Hardware Specification Yes For all experiments, LLM inferrence is performed on two Nvidia A100 GPUs using the gpt-fast inference engine Py Torch (2023). Inference on LLama-3.1-70B (using tensor parallelism over two A100s), resulted in an average generation speed of 11.43 tokens/s. Each planning step required an average of 52 tokens resulting in a latency of 4.55 seconds per planning step. ... For hosting and 70B models, as used by the Re Act baselines, we use 4 A100 GPUs per model. For hosting a smaller 8B model used by the Finetuned baselines, we use 1 A100 GPU.
Software Dependencies Yes The publicly released codebase accompanying PARTNR will be contained in a public github repository and depend on the most recent version of the AI Habitat platform (habitat-lab and habitat-sim (v0.3.2)) (Puig et al., 2024) which it extends to define collaboration tasks and skills.

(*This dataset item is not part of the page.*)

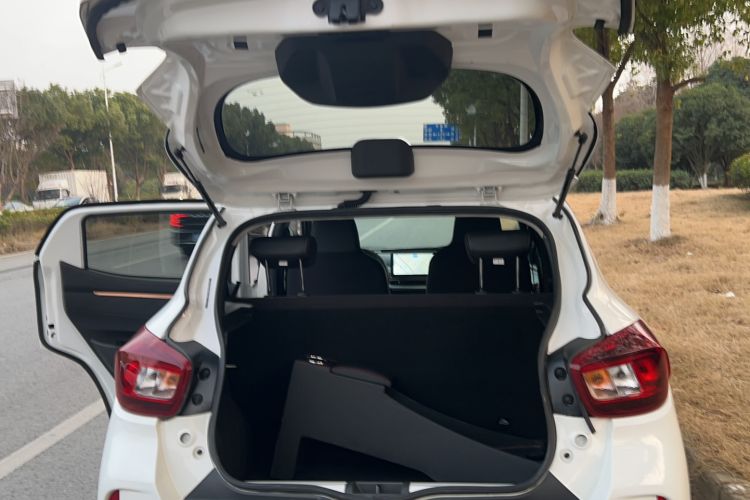 Used Dongfeng NAMMI BOX 2022 Chasing Wind Edition 331 km Standard Model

Experiment Setup Yes We train the model using successful traces from the Re Act baseline, which obtains the best decentralized results. ... We use a low rank adapter Hu et al. (2021) with r = 132, ω = 128, dropout=0.01, on top of the value and query projection layers W V , W Q. We train all models on 4 A100 GPUs, with a batch size of 2 per GPU. The models are trained for 40,000 steps, which takes around 24 hours.